Defendant appeals of right from his jury conviction of third-degree criminal sexual conduct,
MCL 750.520d; MSA 28.788(4). Defendant was sentenced as an habitual offender, third, MCL
769.11; MSA 28.1083, to seven to twenty years’ imprisonment. We affirm.
Defendant raises a single issue regarding comments made by the prosecutor during the voir dire.
After the trial court had informed the prospective jurors of the nature of the case by indicating that it
involved “an act of homosexuality,” the prosecutor addressed the jurors and stated:
. . . Now, one thing I want to make absolutely clear is that [the complainant] is not a
homosexual. This was not a consensual sex act. So I don’t want you going into this
trial thinking that the defendant -- the defendant, he told an office[r] he’s bisexual, but I
don’t want you thinking the victim in this case is. Is that clear to everyone? Okay.

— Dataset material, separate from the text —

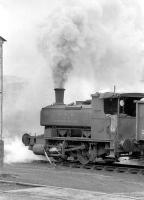 NCB Scottish North Area No 29 (Andrew Barclay 1142 of 1908) lays a smoke screen while shunting at Frances Colliery, Dysart, in 1974. After a spell on display at Danderhall Miners Welfare it is now at Prestongrange Mining Museum.<br><br>[Bill Roberton //1974]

Later on, after the trial court and defense counsel both had made more statements to the
prospective jurors regarding the fact that the trial would concern an alleged homosexual act and that the
jurors would have to determine if the victim had been physically helpless, the prosecutor asked one
. . . One thing that concerns me, when the term homosexual is used, or homosexual act,
I’m concerned that maybe you or other jurors would use that it was a consensual act,
that it kind of means that it was a consensual act. Would you agree to keep an open
mind on the consent issue and decide this case after all evidence is presented?
And [defense counsel] referred to something to the effect that the only reason we’re
here is because [the complainant] was -- to decide whether or not [the complainant]

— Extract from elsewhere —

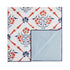 Paloma Burnt Terracotta Orange & Blue Floral Embroidered Quilted Cotton Bedspread - daals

was physically helpless. Would you keep in mind that there is more to it than that?
That this is a young man who woke up . . . .
Immediately after each of the prosecutor’s comments, the trial court gave a sua sponte
cautionary instruction to the jurors that the comments of the attorneys were not evidence, that they had
not yet heard any evidence, and that they would determine the evidence from the testimony of the
witnesses. Defendant subsequently moved the court to declare a mistrial based on the prosecutor’s
comments and the trial court denied that motion.
A trial court’s decision regarding a motion for a mistrial is reviewed for an abuse of discretion.
People v Wolverton, 227 Mich App 72, 75; 574 NW2d 703 (1997). An abuse of that discretion will
be found only where the trial court’s denial of the motion has deprived the defendant of a fair and
impartial trial. Id. The trial court’s ruling must be so grossly in error as to deprive a defendant of a fair
trial or to amount to a miscarriage of justice. People v McAlister, 203 Mich App 495, 503; 513
NW2d 431 (1994). A claim of prosecutorial misconduct is likewise reviewed to determine if the
defendant was denied a fair and impartial trial. People v Howard, 226 Mich App 528, 544; 575
NW2d 16 (1997). Such claims are reviewed on a case-by-case basis and evaluated within the context
of the particular facts of the case. Id.
This Court has reviewed the prosecutor’s remarks in context and finds that defendant has failed
to demonstrate that his right to a fair and impartial trial was violated. The prosecutor’s remarks were
clearly intended to respond to the characterization of the incident by both the trial court and defense
counsel as involving homosexual conduct. The prosecutor was trying to inform the prospective jurors
that the complainant would claim that he was not a homosexual and that the incident had not been
consensual. The prosecutor’s comments did not misstate what the complainant’s testimony did in fact
subsequently disclose. To the extent that the prosecutor’s remarks strayed into the realm of conveying
his view of the evidence to the jurors, the trial court’s prompt sua sponte cautionary instructions were
sufficient to dispel any possible prejudice. Moreover, the trial court subsequently re-instructed the jury
both at the beginning and at the completion of the trial that the statements of the attorneys were not
evidence. Jurors are presumed to have followed a court’s instructions until the contrary is clearly
shown. McAlister, supra at 504. Defendant has presented no clear indication that the jurors failed to
follow the court’s cautionary instructions.
Thus, where the jurors each individually stated that they could decide the case based on the
evidence, where the trial court repeatedly instructed them that the prosecutor’s comments did
not constitute evidence, and where the evidence itself provided a sufficient basis for finding defendant
guilty, defendant was not denied a fair and impartial trial.